La proposition que le diable fait à Jésus, troisième tentation, est qu’en tant
que fils de Dieu il fasse de Dieu sa chose. Dieu lui-même est l’objet de cette
troisième tentation, que Jésus surmonte en rappelant que les Saintes Ecritures
ne sont pas un recueil des exigences de Dieu auxquelles tout être humain doit
satisfaire, mais la trace écrite d’une parole qui ne peut être retrouvée que
dans l’exercice de réflexion, d’interprétation, et dans la prière. Le cri de
celui qui croit n’est pas « C’est écrit ! », cri par lequel tout
devient possible, y compris les violences les plus laides accomplies au nom de
Dieu, voire in persona Dei, mais
« Parle Seigneur, ton serviteur écoute. » Et bien, le commandement
par lequel Jésus surmonte la troisième tentation est « Tu ne feras pas de
Dieu ton obligé. »
Est-ce qu’avec ces trois tentations toutes les tentations possibles sont
mentionnées et surmontées ? Reprenons les commandements que nous avons
formulés au fil de notre méditation : tu ne feras pas des choses tes
obligées, tu ne feras pas des humains tes obligés, tu ne feras pas de Dieu ton
obligé. Il semble bien qu’en évoquant successivement les choses, les humains et
Dieu tout soit dit. Une formulation proche pourrait être : tu ne feras pas
des choses tes choses, tu ne feras pas des humains tes choses, tu ne feras pas de
Dieu ta chose. D’autres formulations proches sont encore possibles, mais, d’une
certaine manière, tout est dit. Et ces trois interdits ne sont pas seulement
hiérarchiques ou consécutifs. Ils s’appellent et se tiennent les uns les
autres, noués comme des anneaux borroméens… Et, tous trois ensemble, ils
balisent et délimitent l’espace de l’enseignement oral de Jésus, et ils
baliseront et délimiteront aussi tous ses actes.

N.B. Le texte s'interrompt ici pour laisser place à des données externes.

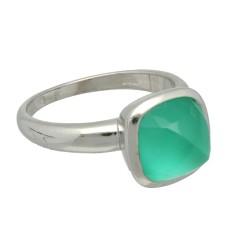 18 krt. witgouden ring met tsavorite, facet geslepen.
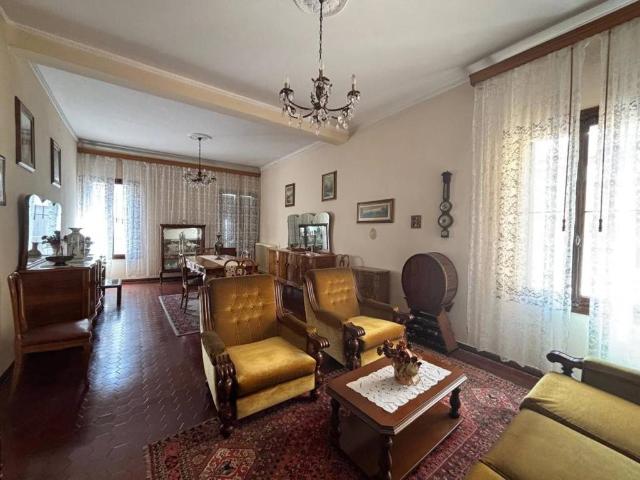 Palazzo in vendita a Lendinara, Veneto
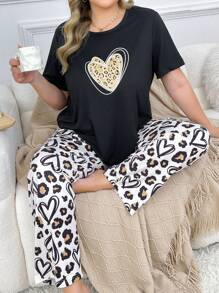 Conjunto de camiseta de manga corta y pantalones de talla grande con estampado de corazón y leopardo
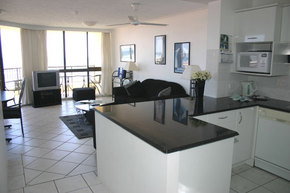 Spindrift On The Beach - Tourism Noosa 2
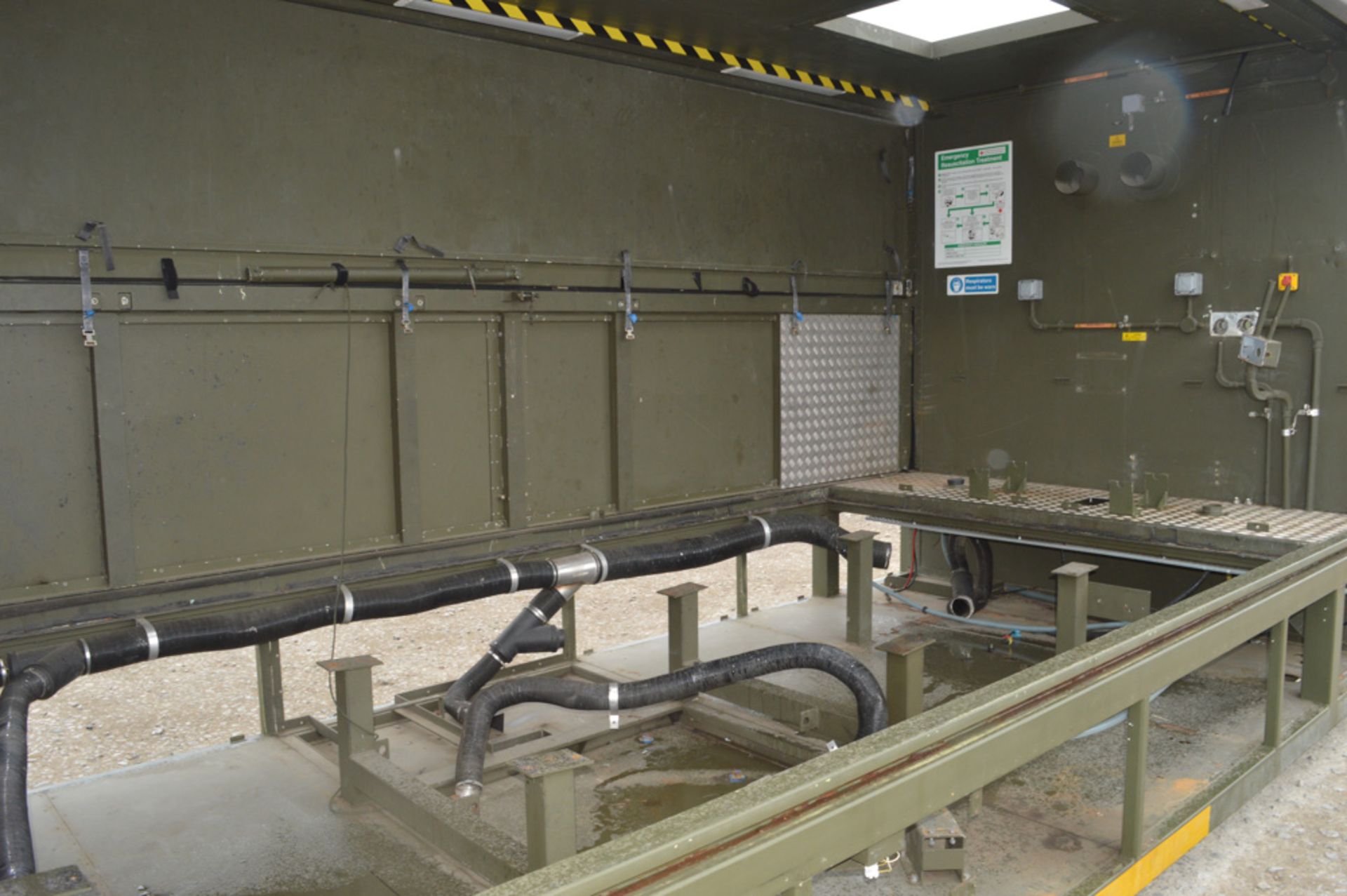 20 ft x 8 ft MSV Matrix hook loader wash down site unit (Ex MOD) - Image 6 of 8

Mais, tout de même, nous aimerions bien avoir
entendu ce tout premier enseignement de Jésus, celui qui fit qu’il fut glorifié
par tous. Nous ne sommes pas pauvres pour autant, puisqu’il nous reste tout
l’évangile de Luc, et les Actes des Apôtres, pour évaluer les dires et les
actes de Jésus et de ses Apôtres à l’aune de ces trois commandements : tu
ne feras pas des choses tes choses, tu ne feras pas des humains tes choses, tu
ne feras pas de Dieu ta chose.
Et puisque nous croyons que l’Esprit Saint est
toujours répandu en abondance, il nous reste à évaluer nos propres actes et nos
propres paroles, et à apprendre à surmonter toutes les tentations possibles.